Step 4: Retention Time Alignment Visualization
2026-03-20
Source:vignettes/step4-retention-time-alignment.qmd
Introduction
This vignette covers the fourth step in the xcms metabolomics workflow: retention time alignment. After peak correspondence, these functions help you:
- Visualize retention time corrections across samples
- Assess alignment quality
- Compare different alignment methods
- Examine alignment model parameters (LamaParama)
xcms Workflow Context
┌───────────────────────────────┐
│ 1. Raw Data Visualization │
│ 2. Peak Detection │
│ 3. Peak Correspondence │
├───────────────────────────────┤
│ 4. RT ALIGNMENT │ ← YOU ARE HERE
├───────────────────────────────┤
│ 5. Feature Grouping │
└───────────────────────────────┘
What is Retention Time Alignment?
Retention time alignment (also called retention time correction) adjusts for systematic shifts in retention time between samples. This improves feature detection by ensuring that the same compound elutes at consistent times across all samples.
Functions Covered
| Function | Purpose | Input Type |
|---|---|---|
gplotAdjustedRtime() |
General RT alignment visualization |
XcmsExperiment, XCMSnExp
|
gplot(LamaParama) |
LamaParama-specific model visualization |
LamaParama object |
Setup
Data Preparation
We’ll use the faahKO package data:
# Get example CDF files
cdf_files <- dir(system.file("cdf", package = "faahKO"),
recursive = TRUE, full.names = TRUE)
# Using 6 samples (3 from each group)
cdf_files <- cdf_files[c(1:3, 7:9)]
# Load data as XcmsExperiment
xdata_raw <- readMsExperiment(
spectraFiles = cdf_files,
BPPARAM = SerialParam()
)
# Add sample metadata
sample_group <- rep(c("KO", "WT"), each = 3)

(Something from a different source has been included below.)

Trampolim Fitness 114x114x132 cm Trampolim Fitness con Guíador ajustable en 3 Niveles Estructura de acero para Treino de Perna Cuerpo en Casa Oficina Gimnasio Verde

sampleData(xdata_raw)$sample_name <- basename(cdf_files)
sampleData(xdata_raw)$sample_group <- sample_groupPeak Detection and Correspondence
# Peak detection
cwp <- CentWaveParam(
peakwidth = c(20, 80),
ppm = 25
)
xdata_peaks <- findChromPeaks(xdata_raw, param = cwp, BPPARAM = SerialParam())
# Initial correspondence (peak grouping)
sample_data <- sampleData(xdata_peaks)
pdp <- PeakDensityParam(
sampleGroups = sample_data$sample_group,
minFraction = 0.4,
bw = 30
)
xdata_grouped <- groupChromPeaks(xdata_peaks, param = pdp)Part 1: General Alignment Visualization
gplotAdjustedRtime(): PeakGroups Method
Basic Workflow
# Work with a copy of the grouped data
xdata <- xdata_grouped
# Retention time alignment using peak groups
pgp <- PeakGroupsParam(
minFraction = 0.4,
smooth = "loess",
span = 0.2,
family = "gaussian"
)
xdata <- adjustRtime(xdata, param = pgp)Creating the Plot
p <- gplotAdjustedRtime(xdata, color_by = sample_group)
print(p)
The plot shows:
- Lines: One per sample, showing RT deviation across the chromatographic run
- Grey circles: Individual peaks used for alignment
- Grey dashed lines: Connect peaks from the same feature across samples
Customizing the Plot
p +
labs(
title = "Retention Time Correction - faahKO Dataset",
x = "Adjusted Retention Time (s)",
y = "RT Adjustment (s)",
color = "Sample Group"
) +
theme_minimal() +
scale_color_brewer(palette = "Set1") +
theme(legend.position = "top")
Interactive Visualization
p_interactive <- ggplotly(p, tooltip = "text")
p_interactiveAdvanced Use Cases
With filterFile()
# Work with a fresh copy from grouped data
xdata_filtered <- xdata_grouped
# Filter to specific samples (files 2-5)
xdata_filtered <- filterFile(xdata_filtered, c(2:5))
# Filtering removes correspondence - need to re-group with filtered samples
sample_data_filtered <- sampleData(xdata_filtered)
pdp_filtered <- PeakDensityParam(
sampleGroups = sample_data_filtered$sample_group,
minFraction = 0.4,
bw = 30
)
xdata_filtered <- groupChromPeaks(xdata_filtered, param = pdp_filtered)
# Align filtered data
pgp_filter <- PeakGroupsParam(minFraction = 0.4)
xdata_filtered <- adjustRtime(xdata_filtered, param = pgp_filter)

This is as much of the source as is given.